● Work request
Among the records below, find the line that has "Kids Pastel Rainbow"; from there, give the lines again exactly, and stop after the line that has "Iron on Embroidery".

● Material provided
-=-=-

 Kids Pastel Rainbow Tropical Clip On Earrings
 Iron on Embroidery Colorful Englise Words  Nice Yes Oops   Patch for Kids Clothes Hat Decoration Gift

-=-=-

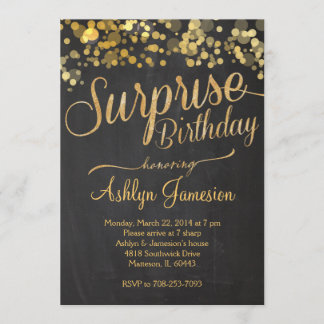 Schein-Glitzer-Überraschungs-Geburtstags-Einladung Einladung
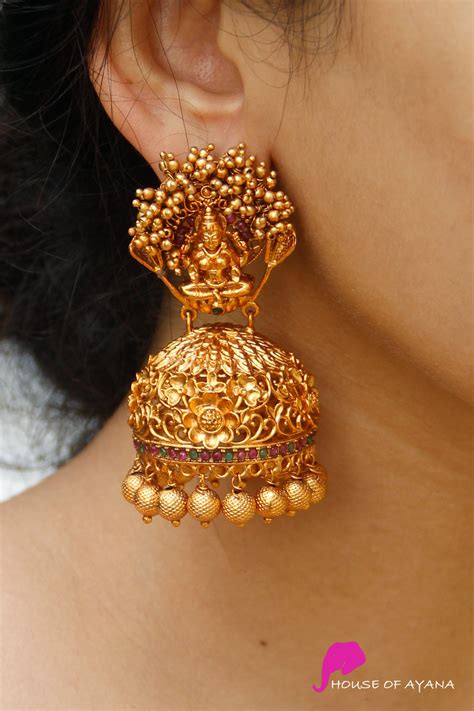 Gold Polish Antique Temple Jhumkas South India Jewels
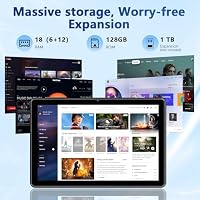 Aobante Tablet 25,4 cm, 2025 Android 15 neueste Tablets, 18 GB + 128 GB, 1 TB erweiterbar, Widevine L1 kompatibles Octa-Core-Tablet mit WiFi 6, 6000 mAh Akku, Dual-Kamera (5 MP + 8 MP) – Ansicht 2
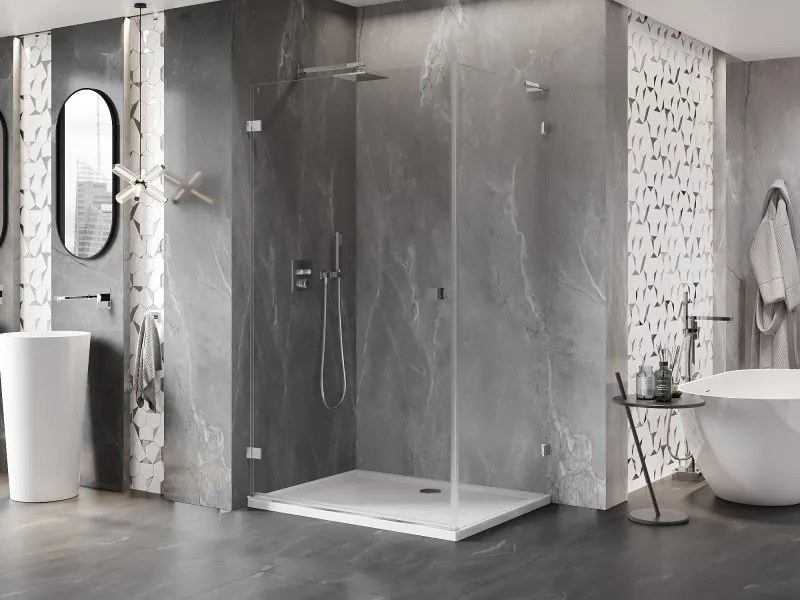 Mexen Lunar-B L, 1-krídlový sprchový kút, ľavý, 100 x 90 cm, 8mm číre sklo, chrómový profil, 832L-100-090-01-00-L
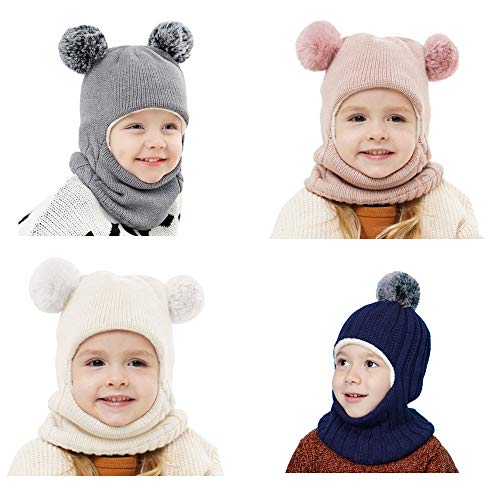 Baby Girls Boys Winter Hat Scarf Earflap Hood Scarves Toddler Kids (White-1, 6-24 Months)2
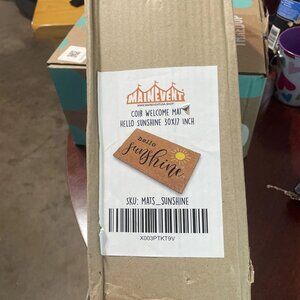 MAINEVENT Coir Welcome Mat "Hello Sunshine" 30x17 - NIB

-=-=-

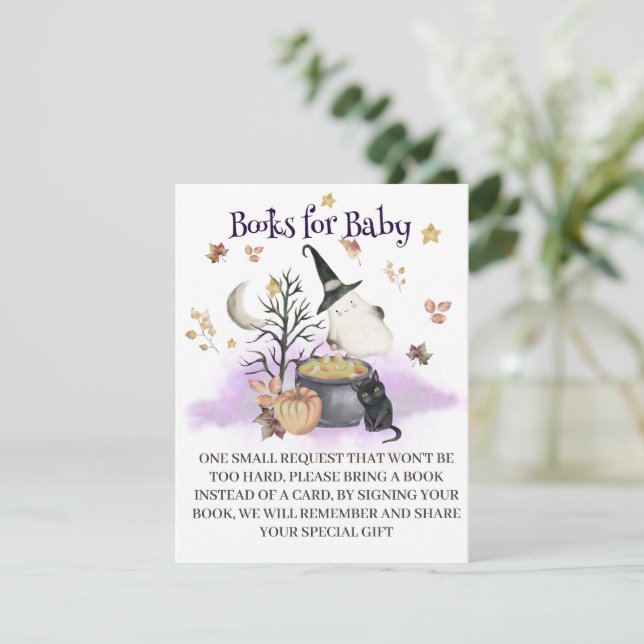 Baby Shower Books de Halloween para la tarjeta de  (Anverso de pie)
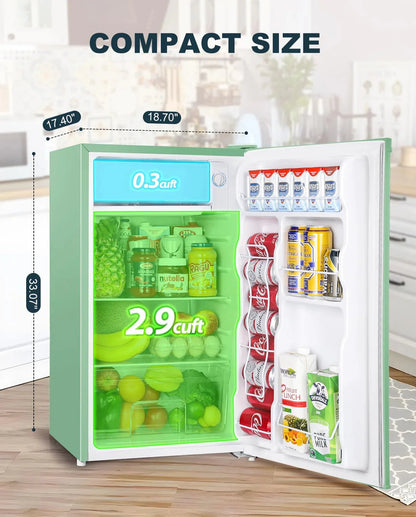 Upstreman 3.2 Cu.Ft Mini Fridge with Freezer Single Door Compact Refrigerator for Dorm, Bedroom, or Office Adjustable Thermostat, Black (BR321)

-=-=-

● Solution for this task
 Kids Pastel Rainbow Tropical Clip On Earrings
 Iron on Embroidery Colorful Englise Words  Nice Yes Oops   Patch for Kids Clothes Hat Decoration Gift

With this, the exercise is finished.